Tale elenco costituisce quindi esclusivamente una mera elencazione dei possibili sottoprodotti utilizzabili negli impianti a biomasse e biogas e non costituisce deroga all’onere della prova che continua a permanere in carico al produttore del residuo ai sensi dell’art. 184-bis del d.lgs.152/06 e che deve essere verificato caso per caso e garantito per tutta la catena di gestione.

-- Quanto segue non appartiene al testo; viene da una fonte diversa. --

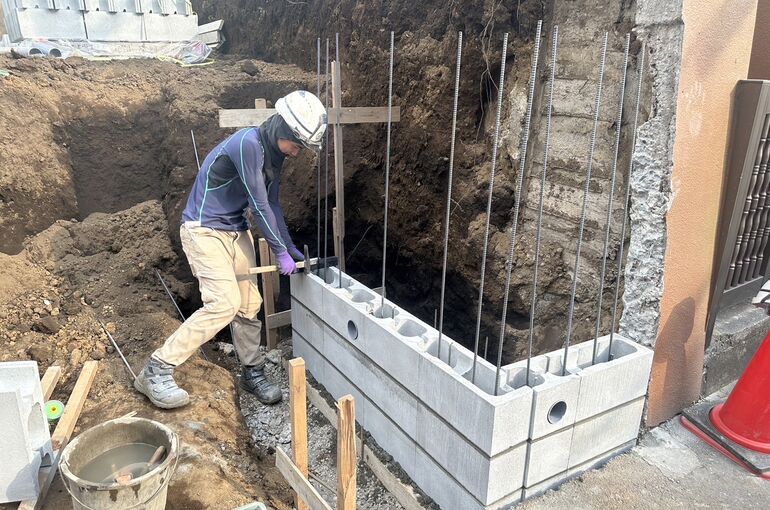 型枠ブロック積み工事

Tale onere spetta solo all’operatore che ha la possibilità di scegliere i mezzi di prova, individuabili in autonomia, con i quali dimostrare il legittimo svolgimento di un’attività di gestione di sottoprodotti.

4) Infine, per quanto richiesto al punto 4, fermo restando quanto sopra già indicato, ovvero che un elenco di materiali gestibili come sottoprodotti non è mai da intendersi come una esclusione ex-lege dall’ambito di applicazione della disciplina dei rifiuti, le indicazioni contenute all’interno del dm 10 marzo 2020, “Criteri ambientali minimi per il servizio di gestione del verde pubblico e la fornitura di prodotti per la cura del verde”, ed in particolare il reimpiego dei materiali organici residuali in situ ai fini del compostaggio, dovrà essere sempre valutata alla luce di quanto discusso in merito alle corrette modalità di gestione di tale residuo. A tale riguardo si possono tenere in considerazione le disposizioni stabilite dall’art. 183 comma 1 lettera qq-ter) del d.lgs. 152/06 e quanto specificatamente indicato per l’autorizzazione di tale attività dall’art. 214, comma 7-bis, del medesimo decreto legislativo.